Required work:
All entries are to be copied verbatim, while the pictures stay out.

Supplied material:
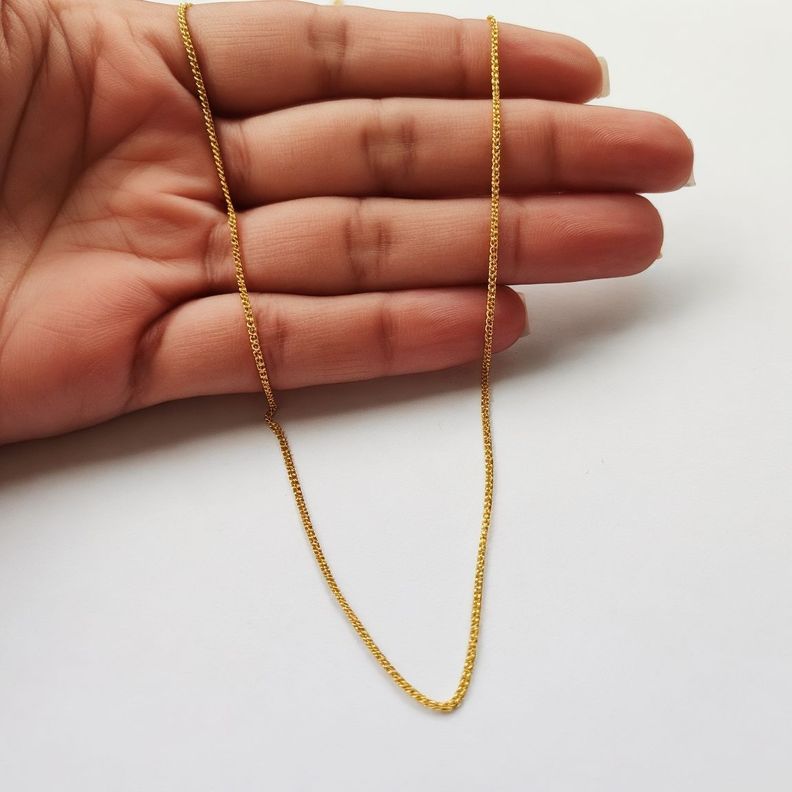 Cadena Grumet 60cm Enchapado Oro 18K-1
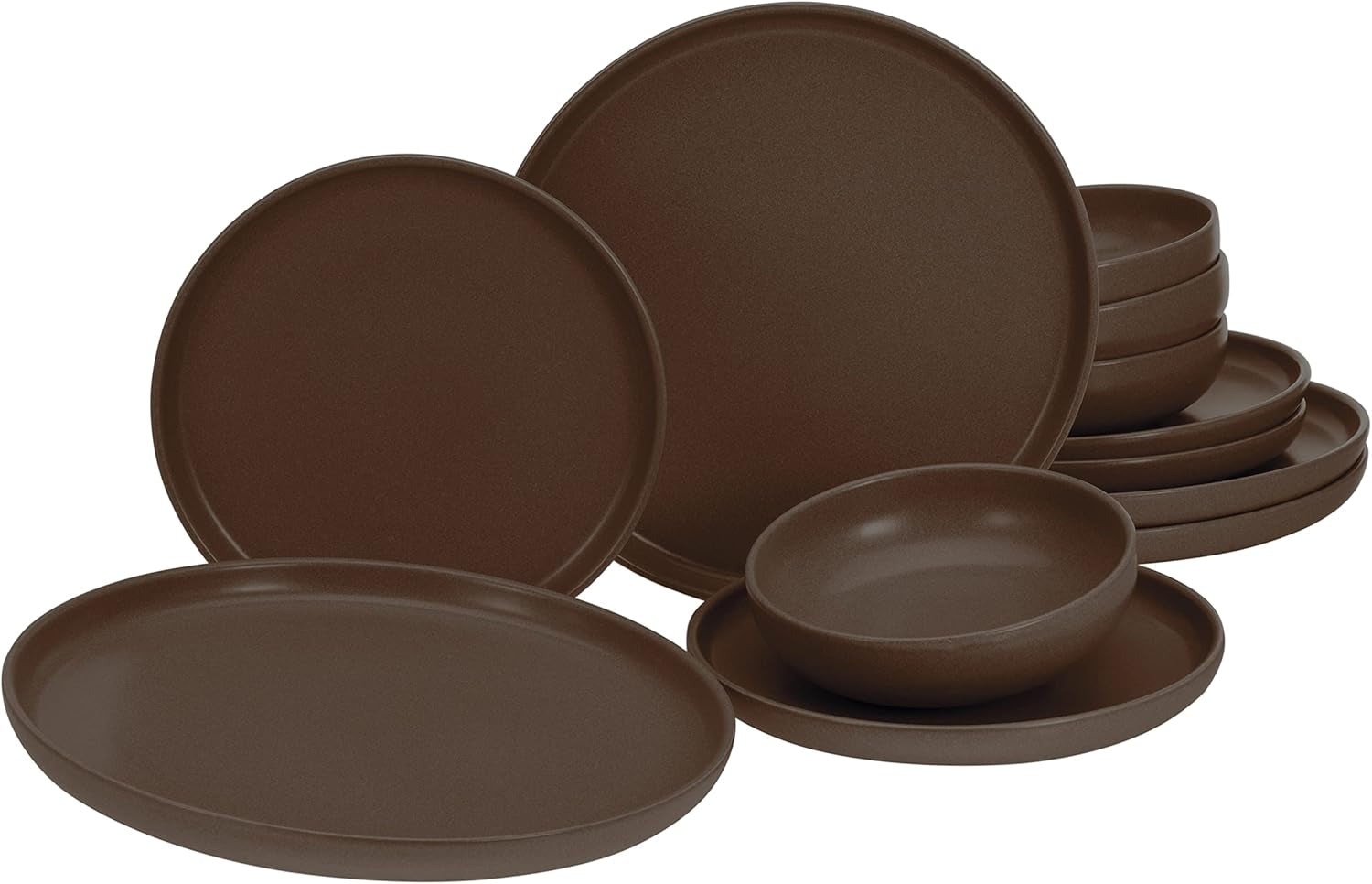 Creatable, 22979, Serie Uno BLACK, 12-Teiliges Geschirrset, Teller Set Aus Steinzeug, Spülmaschinen- Und Mikrowellengeeignet, Made in Portugal Sady nádobí Naty Shop Braun Tafelservice 12 Teilig
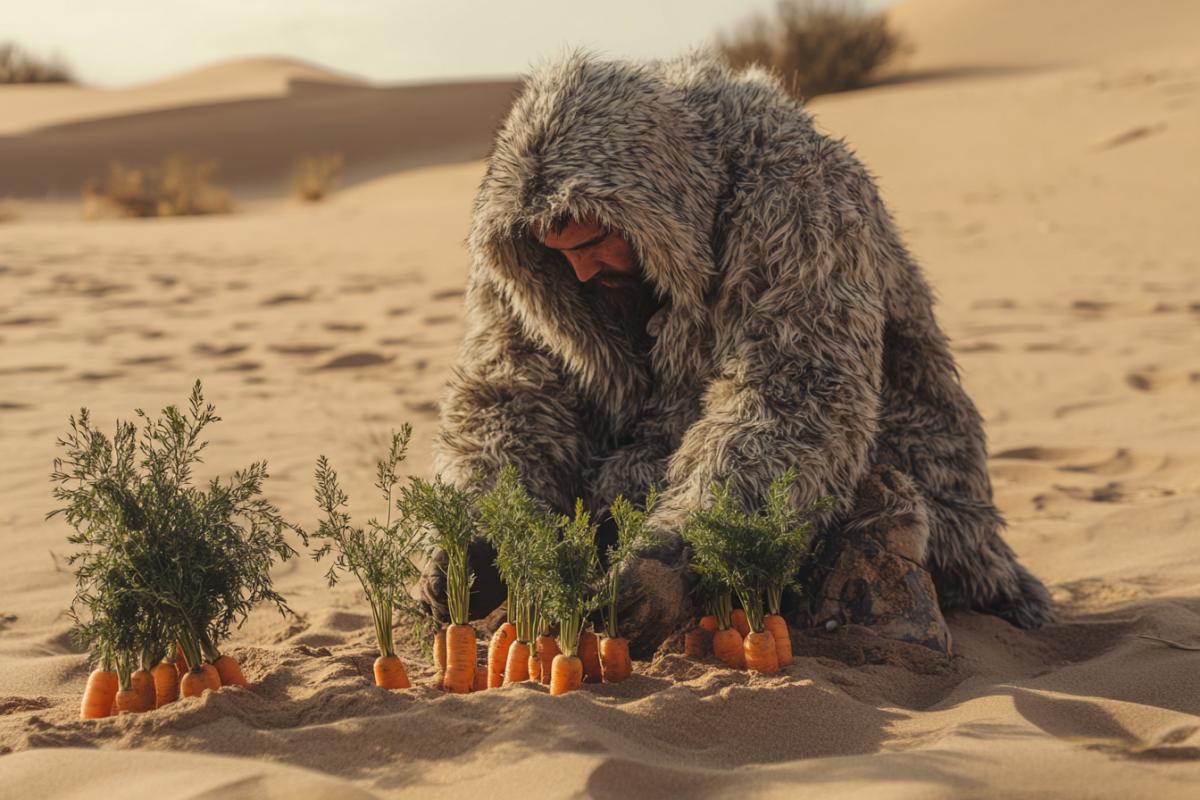 A man in a fur coat plants beds with carrots in the desert sands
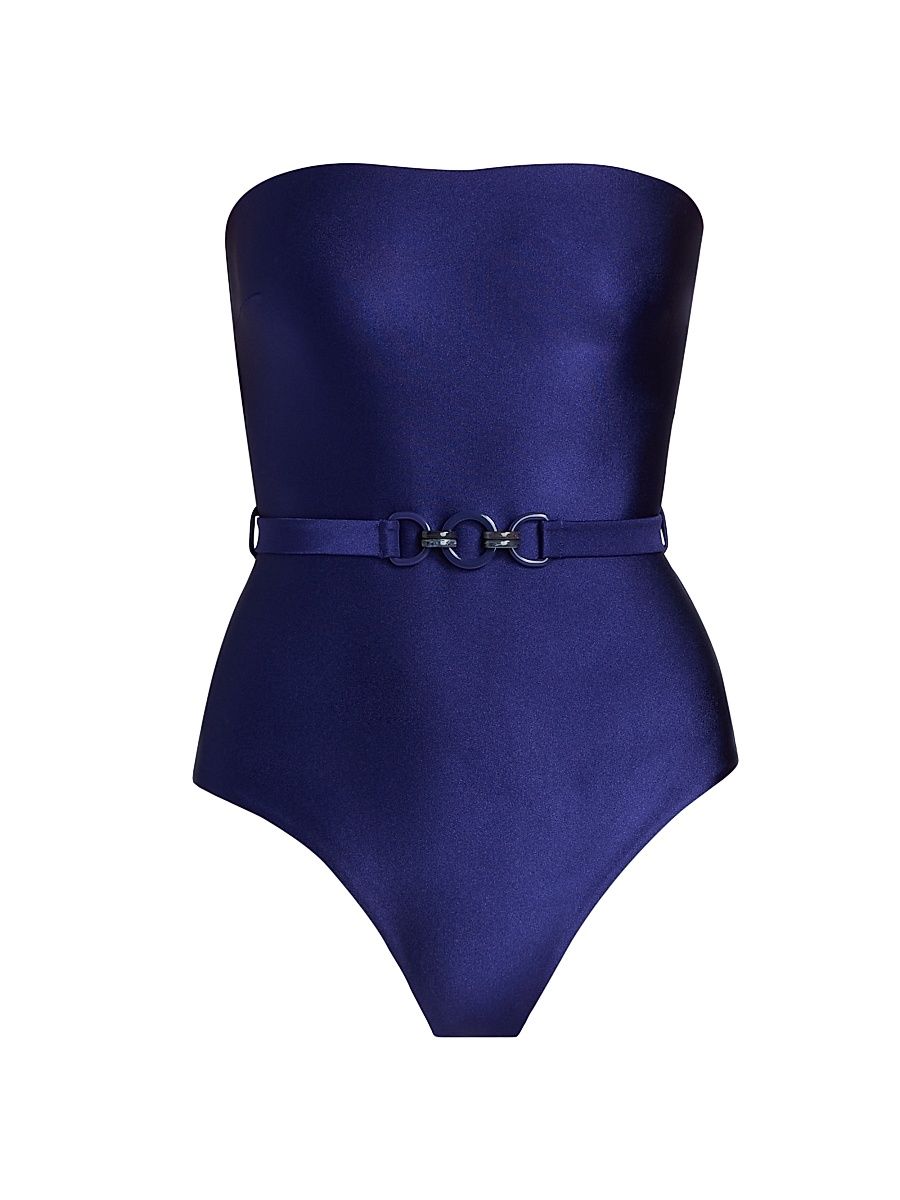 Women's Patience Belted Bandeau One-Piece Swimsuit - Royal Blue - Size 10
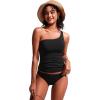 imageCRZ YOGA One Shoulder Tankini Tops for Women Ruched Bathing Suits Tummy Control Adjustable Swimsuit Only No Bottom PaddedBlack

Response:
 Cadena Grumet 60cm Enchapado Oro 18K-1
 Creatable, 22979, Serie Uno BLACK, 12-Teiliges Geschirrset, Teller Set Aus Steinzeug, Spülmaschinen- Und Mikrowellengeeignet, Made in Portugal Sady nádobí Naty Shop Braun Tafelservice 12 Teilig
 A man in a fur coat plants beds with carrots in the desert sands
 Women's Patience Belted Bandeau One-Piece Swimsuit - Royal Blue - Size 10
 imageCRZ YOGA One Shoulder Tankini Tops for Women Ruched Bathing Suits Tummy Control Adjustable Swimsuit Only No Bottom PaddedBlack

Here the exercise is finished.